Ulrike: Gerade ist es nicht möglich live vor Publikum zu spielen. Und auch wenn es sehr schwierig für die berufliche, persönliche und finanzielle Situation ist, sollte man im Sinne des Gemeinwohles respektvoll und umsichtig handeln. Wir werden die Entwicklungen beobachten und reagieren. Erstmal sind alle Produktionen auf das nächste Jahr verschoben. Thematisch arbeiten wir im Rahmen der Kesselhausinszenierung auf dem „Faust“-Gelände in Hannover an einem neuen gesellschaftlichen Narrativ: Eine feministische, ökologische, soziale und antirassistische Erzählung. Und die könnte man ja jetzt generell gesellschaftlich mal angehen.
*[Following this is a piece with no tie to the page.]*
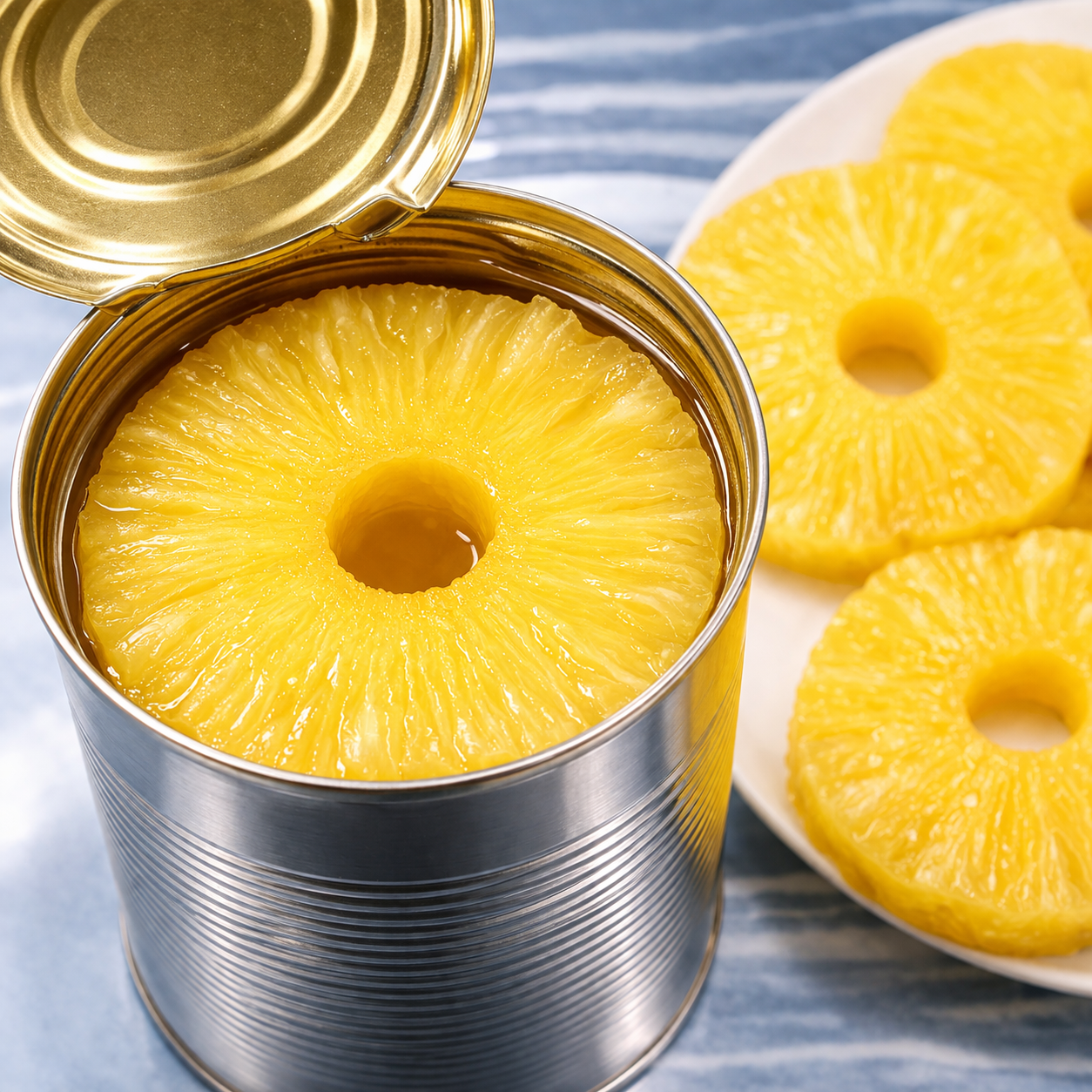 ORGANIC PINEAPPLE JAM 3KG – VIETNAM | NATURALLY PRESERVED FOR WHOLESALE & EXPORT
Hartmut: Als Autor kann ich natürlich weiter schreiben, fragt sich bloß für was, wann und wen. Dazu kommt: Da ich den Hauptteil meiner Einnahmen durch Theatertantiemen und Auftritte beziehe, verdiene ich kaum was. Die Theater sind dicht, meine Stücke werden nicht gespielt, ich selbst kann auch nicht auftreten, nicht als Schauspieler, nicht als Musiker oder als Vorleser meiner eigenen Texte. Das finanzielle ist aber nur das eine Problem. Ich habe immer für die Bühne geschrieben und bin selbst auf die Bühne gegangen, weil das ein sehr direkter und – im Vergleich z.B. zum Film – „einfacher“ Kunstvorgang ist. Im Notfall brauchst Du nur eine Idee, einen Text, ein, zwei Schauspieler*innen und einen Ort, wo sich Spieler*innen und Zuschauer*innen treffen können. Diese Option ist jetzt erstmal weg. Jetzt kann man täglich etwas ins Internet blasen, was als Form nicht per se uninteressant ist, aber halt was anderes. Nicht unsere eigentliche Kernkompetenz.

Eine Kultur der Teilhabe aller – wie sieht Eure Vision dafür aus und wie lässt sich die erreichen?
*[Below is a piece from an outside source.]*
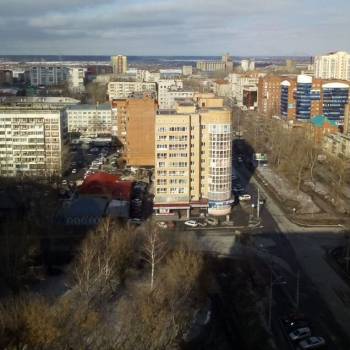 Продается 1-комнатная квартира, 25 м²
Ulrike: Die Agentur für Weltverbesserungspläne sucht immer wieder nach Kunstformaten, die ein breites Publikum ansprechen könnten, die durch partizipative Momente die Berührungsängste gegenüber der Kunst nehmen. Wir können und wollen es uns nicht leisten zu warten, bis jemand kommt. Wir suchen unser Publikum aktiv. Und wir wollen, dass die Menschen bei uns formal und inhaltlich etwas erleben, dass sich von dem, was im tradierten Kulturbetrieb passiert, unterscheidet. Kunst sollte Spaß machen, neue Welten eröffnen und demokratisch sein.
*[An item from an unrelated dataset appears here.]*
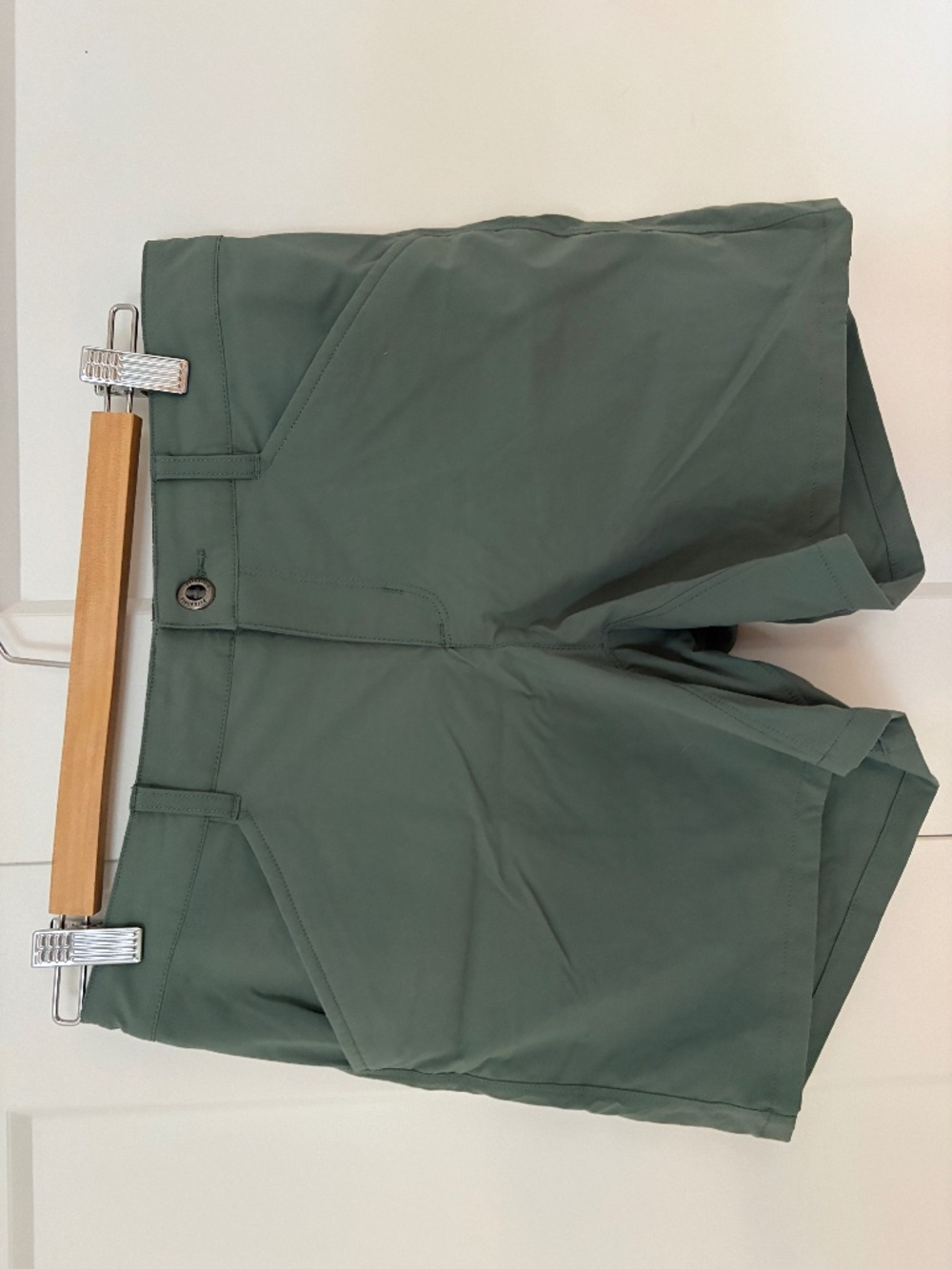 Patagonia Quandary 5" hike shorts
Hartmut: Ich finde es bedauerlich, dass das Bildungsbürgertum, also die gebildete Mittelschicht, die (noch) in die Theater geht, Bücher kauft etc. Kultur oft als Mittel sieht, um sich von anderen abzusetzen. So nach dem Motto: Wir haben ein Theaterabo und die Doofen kucken RTL 2. Ich wünschte mir, Kultur würde als Kommunikationsmittel zwischen allen betrachtet. Das heißt nicht, dass immer alles für alle sein muss. Um manche Kunst zu verstehen, braucht man tatsächlich ein kulturwissenschaftliches Studium. Für andere muss man 10 Jahre Hip Hop gehört haben oder die Sex Pistols kennen. Das ist okay. Aber es gibt tatsächlich auch kluge und unterhaltsame Formen, die einen breiteren Querschnitt der Menschen ansprechen können. Und die suche ich. Nicht zwanghaft und immer. Aber es ist zumindest ein Aspekt meiner Arbeit.